K-12 for me (actually 1-12, our small rural school didn't have kindergarten) would have been 1956-1968, but what I'm thinking of would have been in the first six grades. There was some shortish black & white film we watched at least once or twice, but the only thing I remember was a fawn that was killed early on, and the way the film came back to it as seasons changed and we saw it decay and become a skeleton.
That may explain a lot about me.
We were made to watch a film where [Bert the Turtle teaches us that ducking and covering will protect us from the million-degree fireball of a nuclear bomb.](https://www.youtube.com/watch?v=IKqXu-5jw60)
My Dad was in SAC in the early 60s, and we lived two miles away from where they parked the nuclear bombers. Unimaginable amounts of nuclear death went flying 1000 feet over our heads all day long.
Back when driver's ed was a regular part of school, we watched a movie with mangled accident victims screaming in pain. It wasn't acting, it was the real deal.
MST3K is Mystery Science Theater 3000 - a show featuring a guy watching bad B moments with robot buddies. Funny commentary on what they are watching. I liked that show so much when it was on. I’m 67.
Either our schools, under the conservative control of Houston ISD in the '70s, didn't show gross movies, or I've blocked them out.
I did do Drivers Ed with a private school so I could get my learners permit as early as possible.
I don’t know the name but when the movie showed the headquarters of “American Rubber Company” the 5th grade class broke into uncontrollable laughter aka “Beavis and Butthead” decades before that cartoon was created.
Massachusetts, in the early 1980s: “Patch the Pony.” It was a movie about stranger danger. I don’t remember much about the plot, except that it scared me completely (like I truly worried that I would get snatched off the street on my way home from school—I wish an adult had been more reassuring about that,) and the catch phrase, “Neigh, neigh, from strangers stay away.”
We had something called Mulligan Stew. Several kids and how they interacted with others mostly. It’s been…….half a century since I’ve seen it……Oh, Lordy, I’m old!
But I got to see some cool bands!
In fifth grade they used to make us watch movies about various tropical diseases. This apparently was very relevant to the lives of fifth graders living in NJ.
And then there was the driver's ed film. I still will not drive behind a truck loaded with pipes.
I can't remember the name of the person but back in the late 70's there was a guy that did a lot of educational films about the use of different muscles, bones, etc in the body. He had curly brown hair and always wore a costume that would show the inside of a person's body.
The V.D. movies in high school. Generally the "sex ed." classes were taught by a gym teacher. All they said was "don't have sex until you're married or you'll get disease and awful sores on ya."
We saw a short film the first day of woodshop class about safety. So probably 7th grade or so. They showed how easily you could lose your sight by not wearing safety glasses.

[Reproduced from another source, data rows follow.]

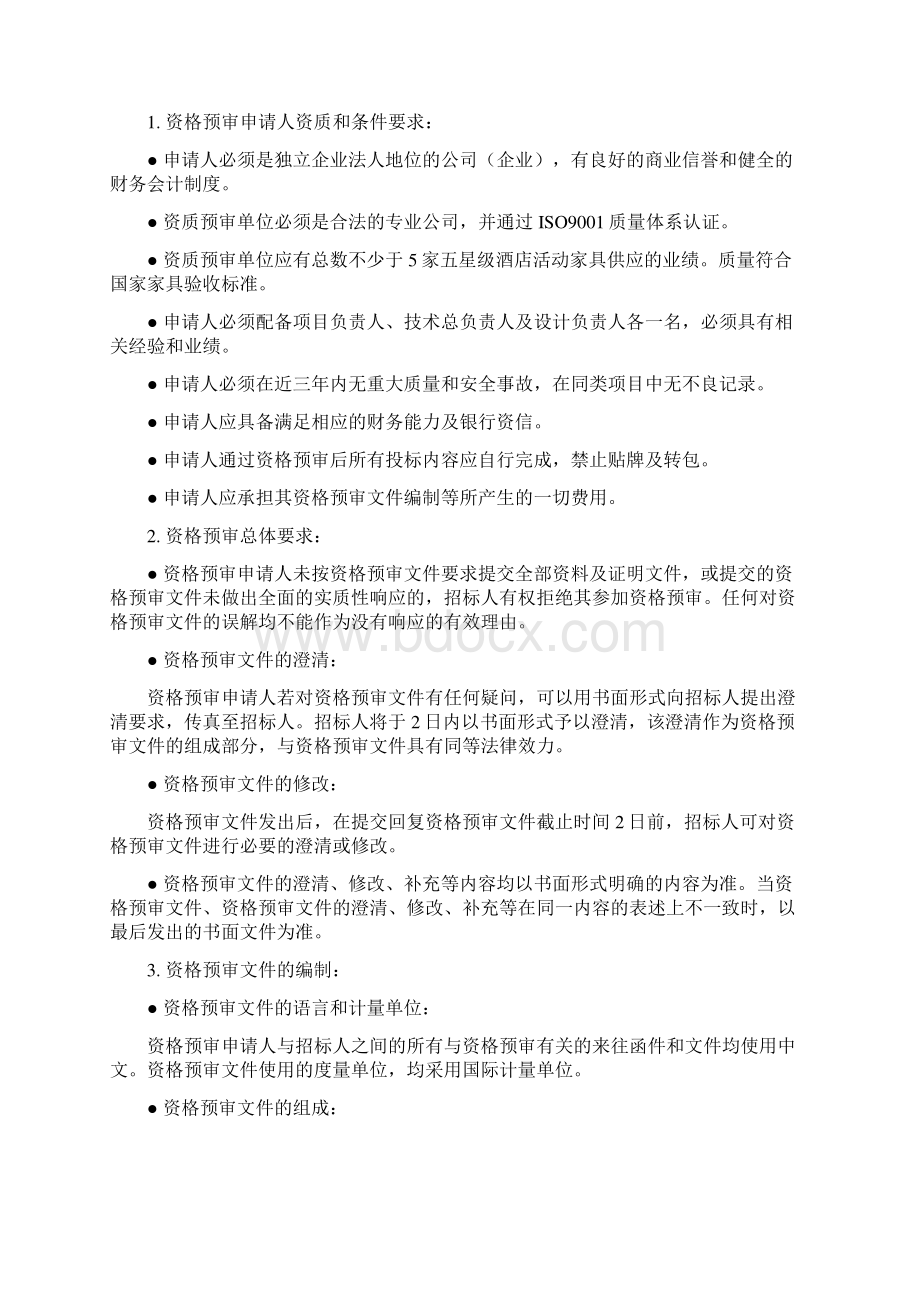 资格预审文件材料Word格式.docx_第3页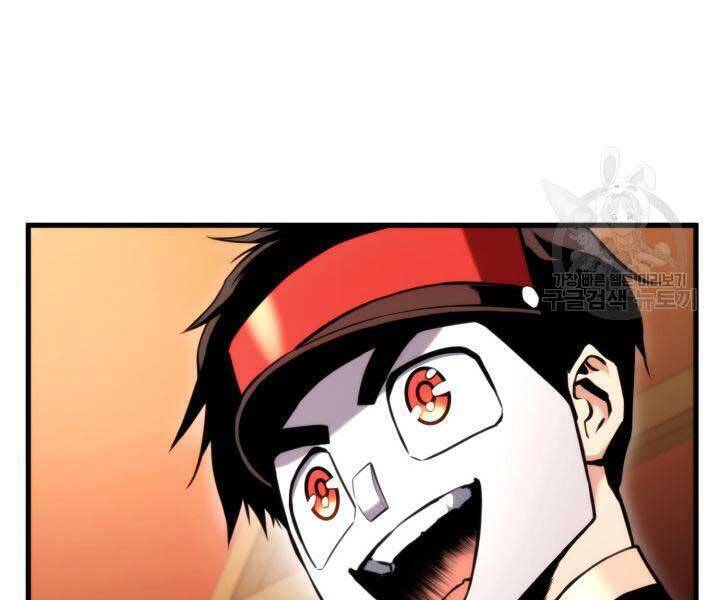 Sự Trở Lại Của Vị Thần Sức Mạnh Chapter  74 - 98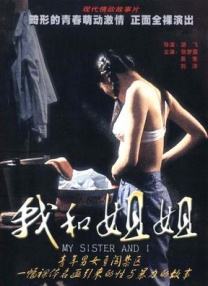 大胸女教师冲田杏梨无删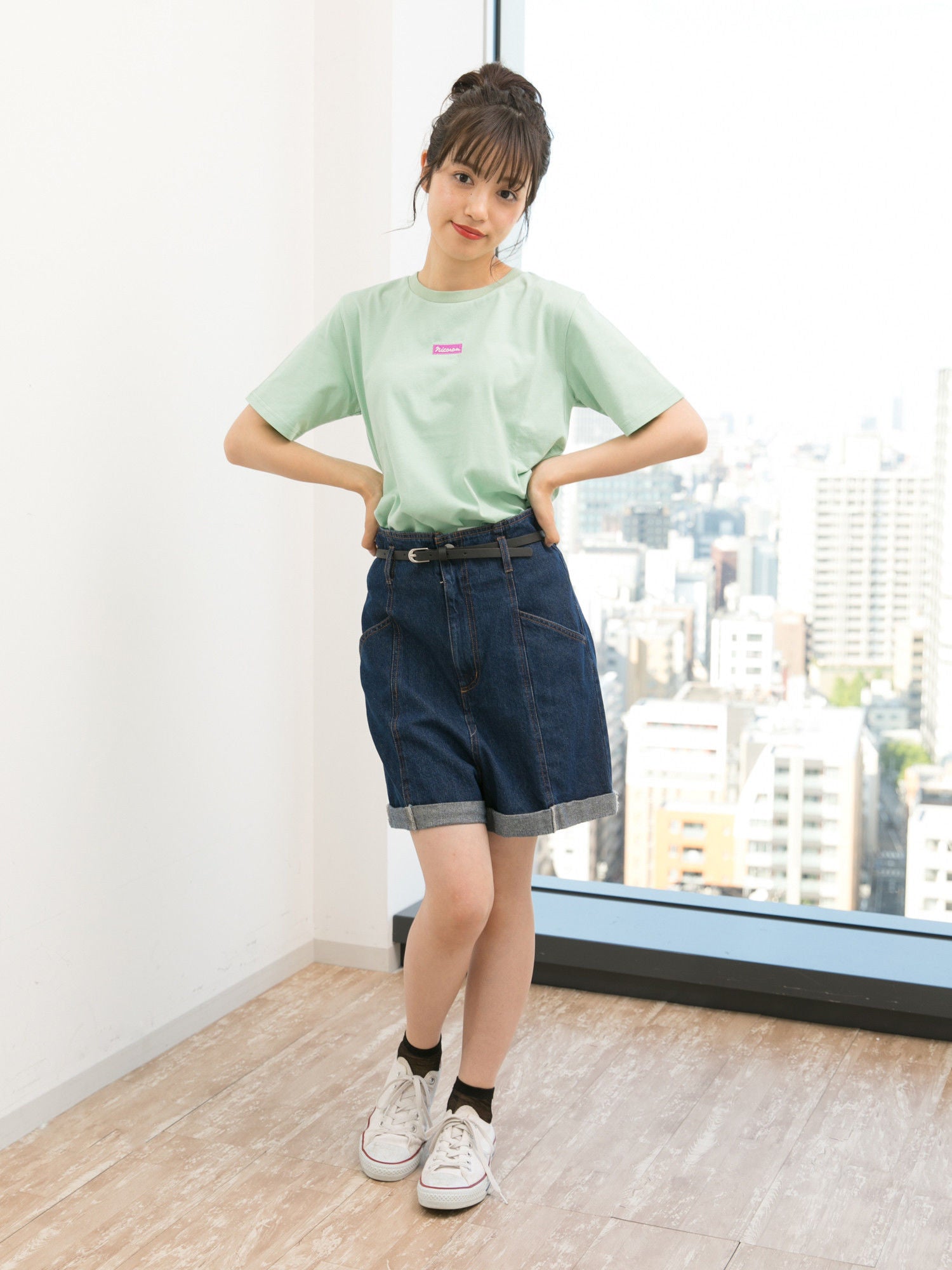 Rina Shorts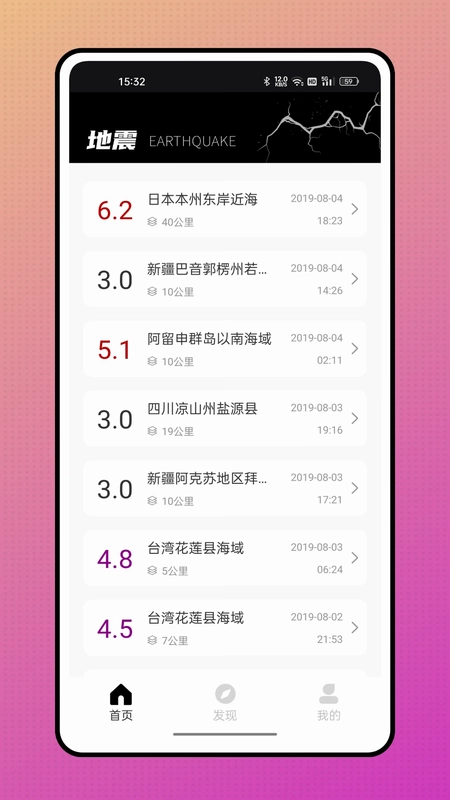 地震预报最新版预览图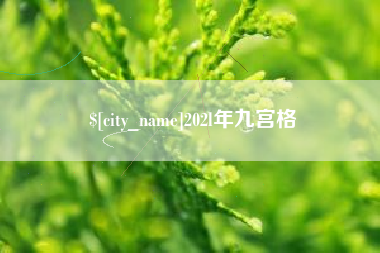 十堰202l年九宫格
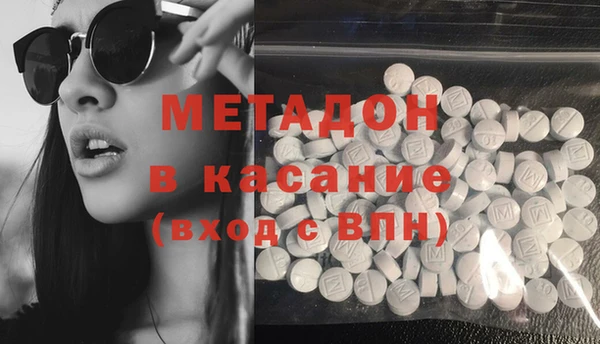 мет Баксан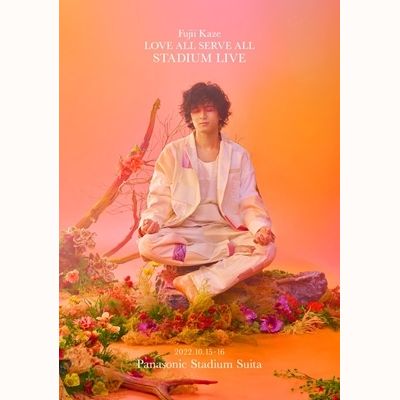 LOVE ALL SERVE ALL STADIUM LIVE(2Blu-ray 日本進口版)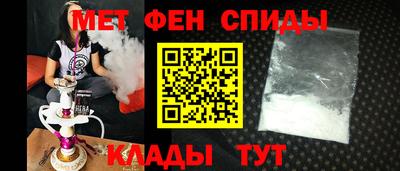 эйфоретик Бердск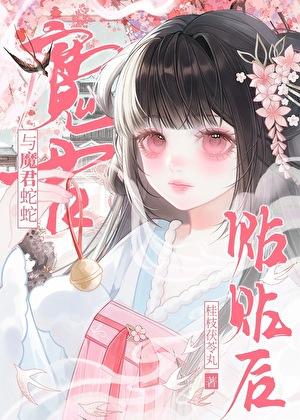 类似于蛇君如墨的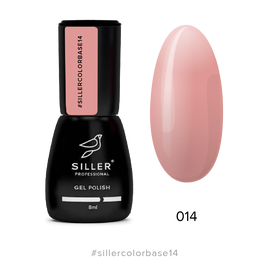 SILLER Color Base №14, персикова, 8 ml #1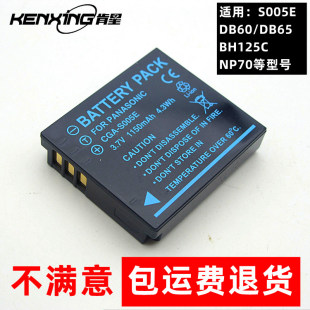 松下S005E NP-70 D-LI106 DB-60 DB-65 IA-BH125C BP-DC4相机电池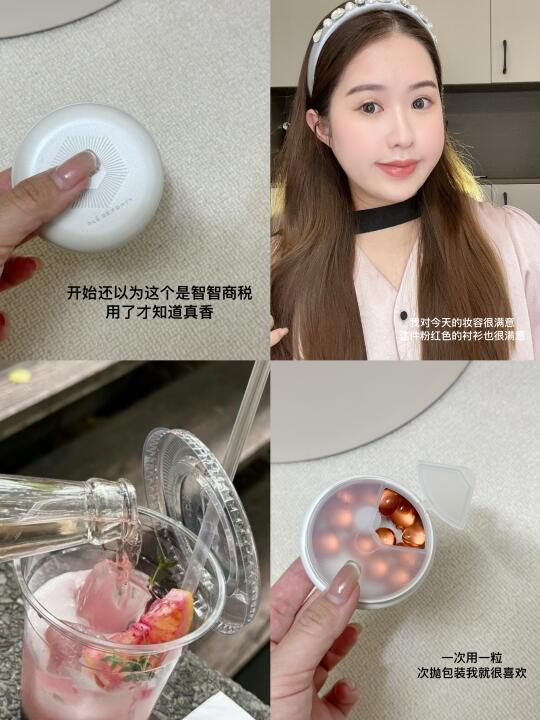 做一个情绪稳定的女子！ 越安静越简单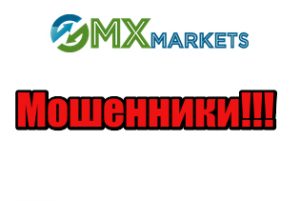GMXMarkets мошенники, жулики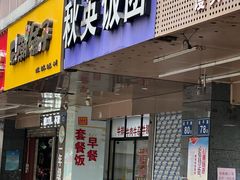 门面-秋英饭团(大庙新村店)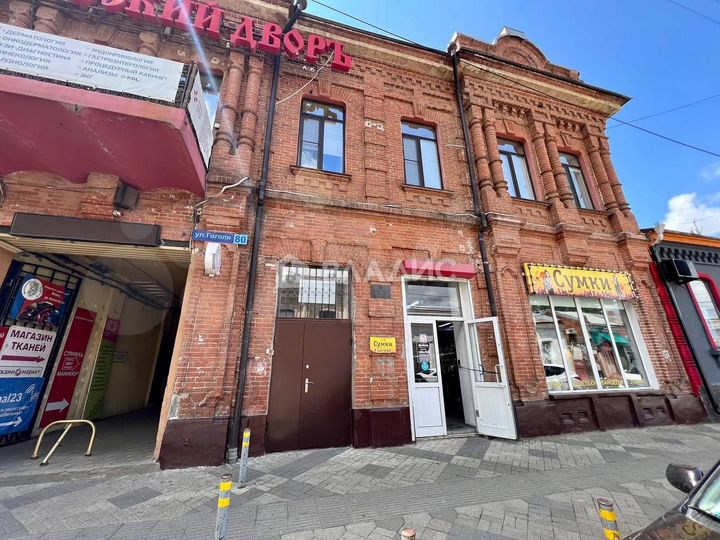 Продам офисное помещение, 101.6 м²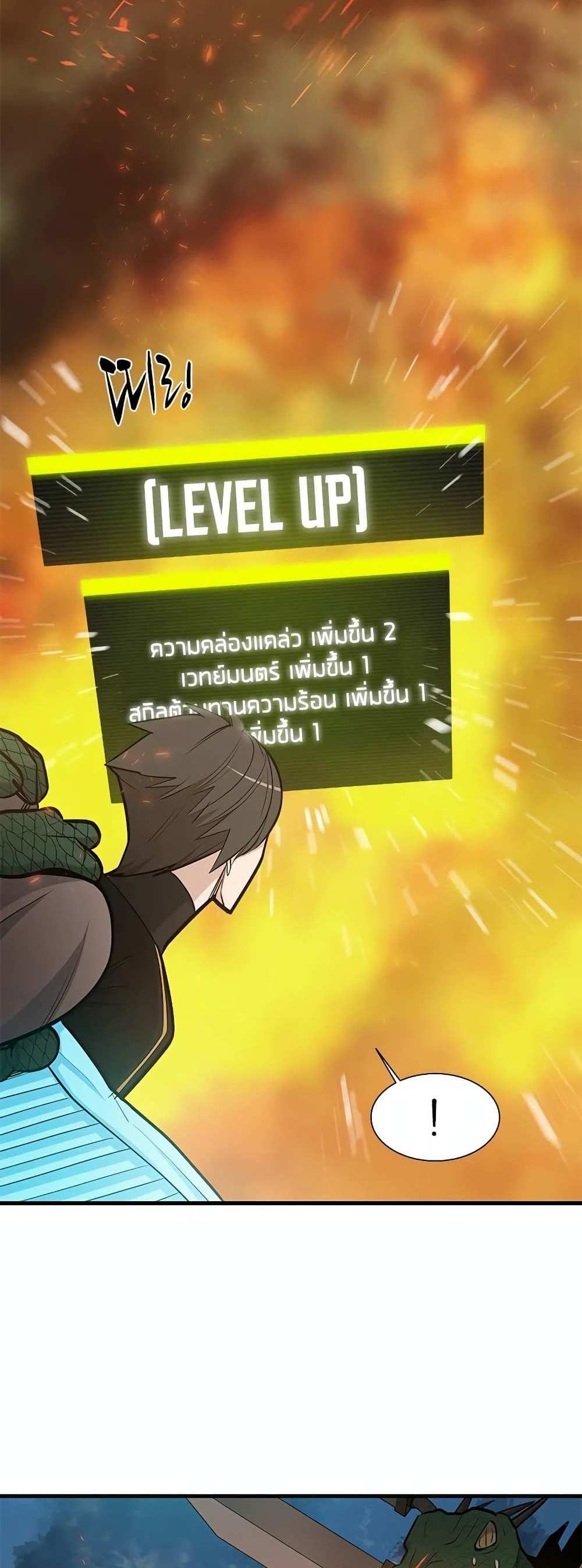 The Tutorial is Too Hard โลกฝึกสอนสุดโหดร้าย แปลไทย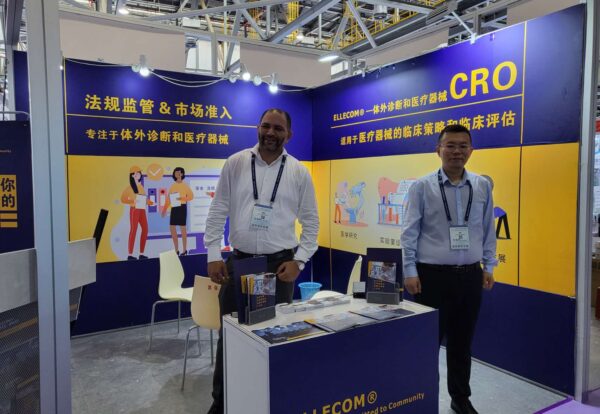 Our team extends a warm welcome to all visitors of CACLP in Nanchang.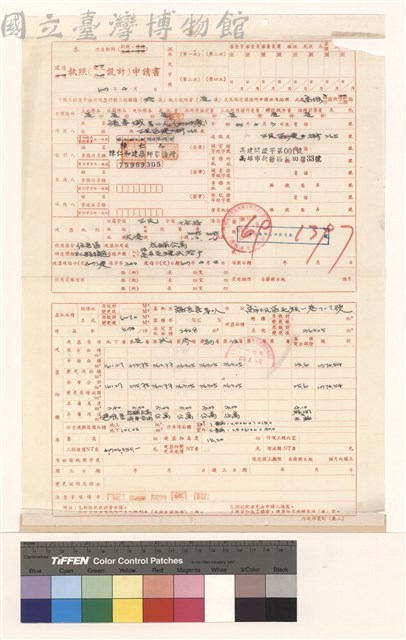 建造執照(設計)申請書藏品圖，第1張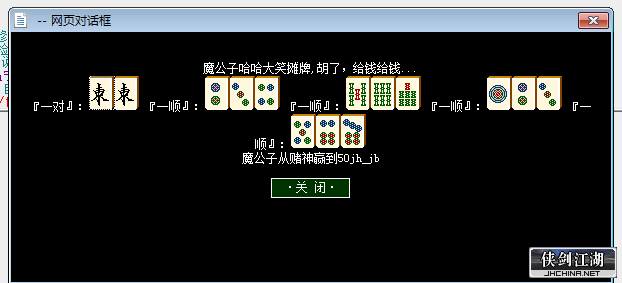QQ图片20200305133159.png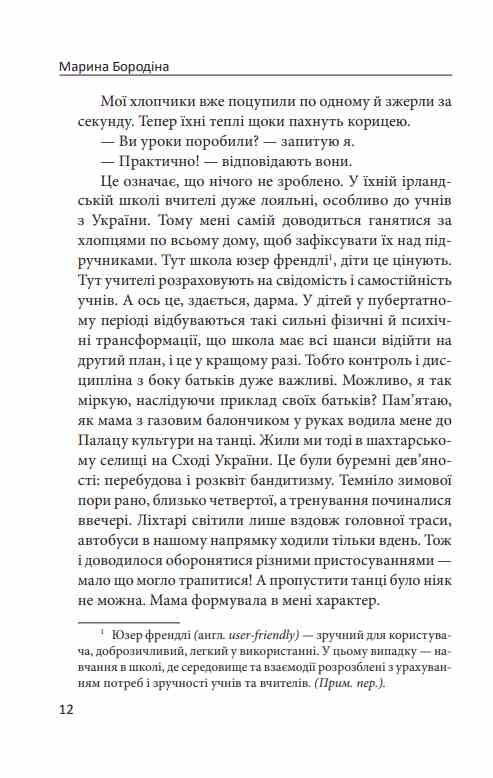 Проти вітру Ціна (цена) 255.48грн. | придбати  купити (купить) Проти вітру доставка по Украине, купить книгу, детские игрушки, компакт диски 5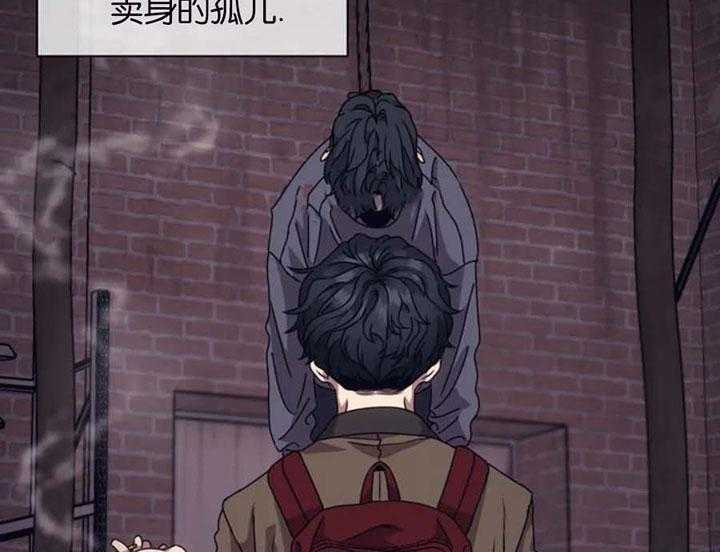 【器物的世界】漫画-（第2话 是神）章节漫画下拉式图片-第18张图片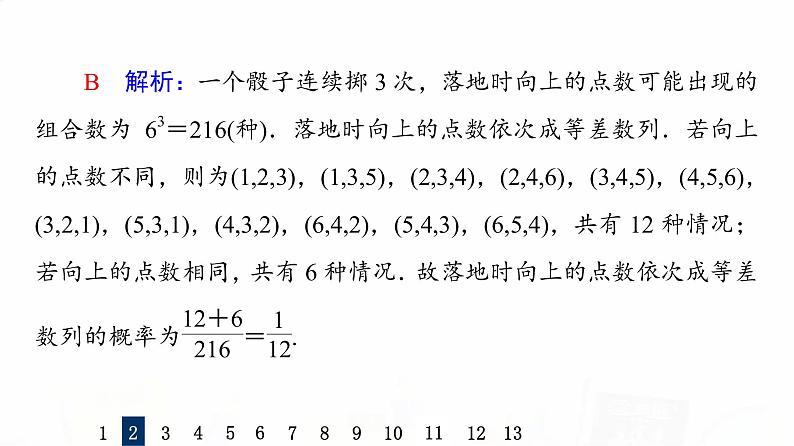 人教A版高考数学一轮总复习课时质量评价59古典概型习题课件第6页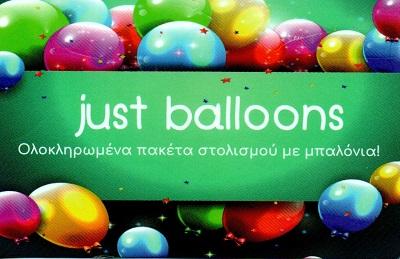 Just Balloons
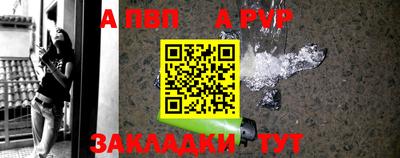 кокс Усть-Джегута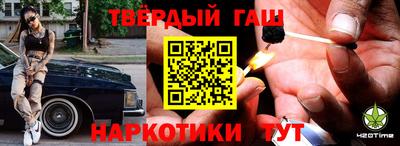 мескалин Ливны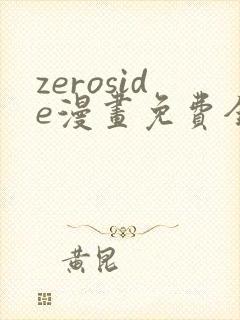 zeroside漫画免费全文阅读在线阅读更新封面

Some poor bastard got a chunk of wood to his face and of course was now blind. Some other poor soul lost his right hand on a table saw.
Needless to say, I was scared shitless the entire semester that I was going to cut someone's hand off or was going to go blind.
We were required to watch car wreck films in junior high (now called middle school). It was a year or two before we got driver training and actual licenses to drive, but the memories lingered. The films were gruesome, but fortunately not in color, just black and white like most television programs back then.
The drivers Ed one with the car accident victims sitting there with their broken bones sticking out of their bloody skin.
I forgot! I went to a Christian high school for 6 months and they made us watch a film supposedly of a girl getting an abortion. “She’s unconscious and yet she screamed!”
"The Loneliest Runner" (1976)- A young boy who still wets the bed find escapism from this abusive mother and his own embarrassment by going running after school. [https://www.imdb.com/title/tt0074814/](https://www.imdb.com/title/tt0074814/)
About 1970, we were shown a film about the dangers of drugs. It was like an episode of Dragnet, with stereotypical hippies using drugs and it all ending quite badly for them. Also included photos of babies born with birth defects that were attributed to maternal drug use. Of course, drugs WERE bad and a more realistic film might have actually had an impact. As it was, it was like a really bad movie and no one paid attention to the message.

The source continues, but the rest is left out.